Despite the sometimes rancorous legislative process, Dr. Cohen said what finally emerged from congress was “a very meaningful bill that should be celebrated.” He said while the gap in insurance coverage would finally be addressed, the long and much more complicated battle over more effective delivery of health care had just begun.
Ms. Slemmer agreed, priding herself on Massachusetts’s 97 per cent insurance coverage rate, a product of the reform she helped bring about in 2006 and which bears a strong resemblance to the national bill. But as coverage has risen, so too have premiums, and although most Bay Staters are happy with their reformed care, the state is on an unsustainable path. If Massachusetts was the vanguard in insurance reform, Ms. Slemmer argued, it would have also to be the vanguard of delivery reform.
“We’re ready to take the next step,” she said. “We should move away from the fee-for-service system into something that looks at and provides incentives for really taking care of patients’ overall health.”
She said there are currently incentives in the medical system that reward doctors for volume of care rather than quality of care, such as expensive tests that may even be detrimental to a patient’s health in the long term, and that more energy should be put into implementing policies that look at a patient’s overall health.
“Now if you thought that coverage was complicated, reforming the delivery system is complicated times one hundred,” she said.

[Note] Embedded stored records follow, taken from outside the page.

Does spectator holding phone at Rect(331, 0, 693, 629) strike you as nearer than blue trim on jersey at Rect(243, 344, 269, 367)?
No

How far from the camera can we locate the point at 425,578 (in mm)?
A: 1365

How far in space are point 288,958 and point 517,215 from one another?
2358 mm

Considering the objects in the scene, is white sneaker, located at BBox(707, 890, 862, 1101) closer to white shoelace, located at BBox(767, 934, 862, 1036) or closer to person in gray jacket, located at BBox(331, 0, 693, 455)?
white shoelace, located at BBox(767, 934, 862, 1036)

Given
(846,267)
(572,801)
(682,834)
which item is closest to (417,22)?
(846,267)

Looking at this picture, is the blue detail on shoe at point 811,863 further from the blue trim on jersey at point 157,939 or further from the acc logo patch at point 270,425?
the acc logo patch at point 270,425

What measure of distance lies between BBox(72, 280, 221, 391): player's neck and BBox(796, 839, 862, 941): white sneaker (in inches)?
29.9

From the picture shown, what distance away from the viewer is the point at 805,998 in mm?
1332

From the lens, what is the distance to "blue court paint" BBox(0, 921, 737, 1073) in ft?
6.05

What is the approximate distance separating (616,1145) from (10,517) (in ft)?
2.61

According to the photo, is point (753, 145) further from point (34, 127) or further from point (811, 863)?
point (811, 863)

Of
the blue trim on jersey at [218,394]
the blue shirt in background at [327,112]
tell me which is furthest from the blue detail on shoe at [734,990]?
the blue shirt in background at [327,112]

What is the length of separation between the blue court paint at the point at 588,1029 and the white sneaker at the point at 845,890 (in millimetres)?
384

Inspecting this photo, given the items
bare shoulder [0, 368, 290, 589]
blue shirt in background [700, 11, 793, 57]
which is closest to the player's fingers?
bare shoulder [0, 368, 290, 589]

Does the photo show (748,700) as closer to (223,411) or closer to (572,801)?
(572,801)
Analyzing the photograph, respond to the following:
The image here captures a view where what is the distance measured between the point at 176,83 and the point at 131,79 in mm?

Every member of the panel agreed that reforming health care delivery is a necessity, however complex. Mr. Jordan highlighted passages in the national bill that provide significant financial support to pilot programs; Ms. Kuh and several members of the audience said the Vineyard is a perfectly isolated laboratory for improved delivery.
Ms. Kuh, whose organization has been assisting Islanders gain access to health care since its founding in 1999, sees the problem as a challenge.
“I think we have a wonderfully exciting opportunity here on the Vineyard,” she said. “If you have lots of members of the community and you have a broad group of stakeholders I think we can accomplish a tremendous amount. Plus there are going to be federal funds that are going to be made available for these kinds of innovative partnerships that can make a difference in a community’s overall health.”
Mr. Cappocia said Americans will have to curb their appetite for instant gratification and endless medical procedures, but he rejected concerns that the new changes in the law would result in the bogeyman of “rationed care.”
“We have rationed care right now,” he said, “only now those who can least afford it have their health care rationed the most.”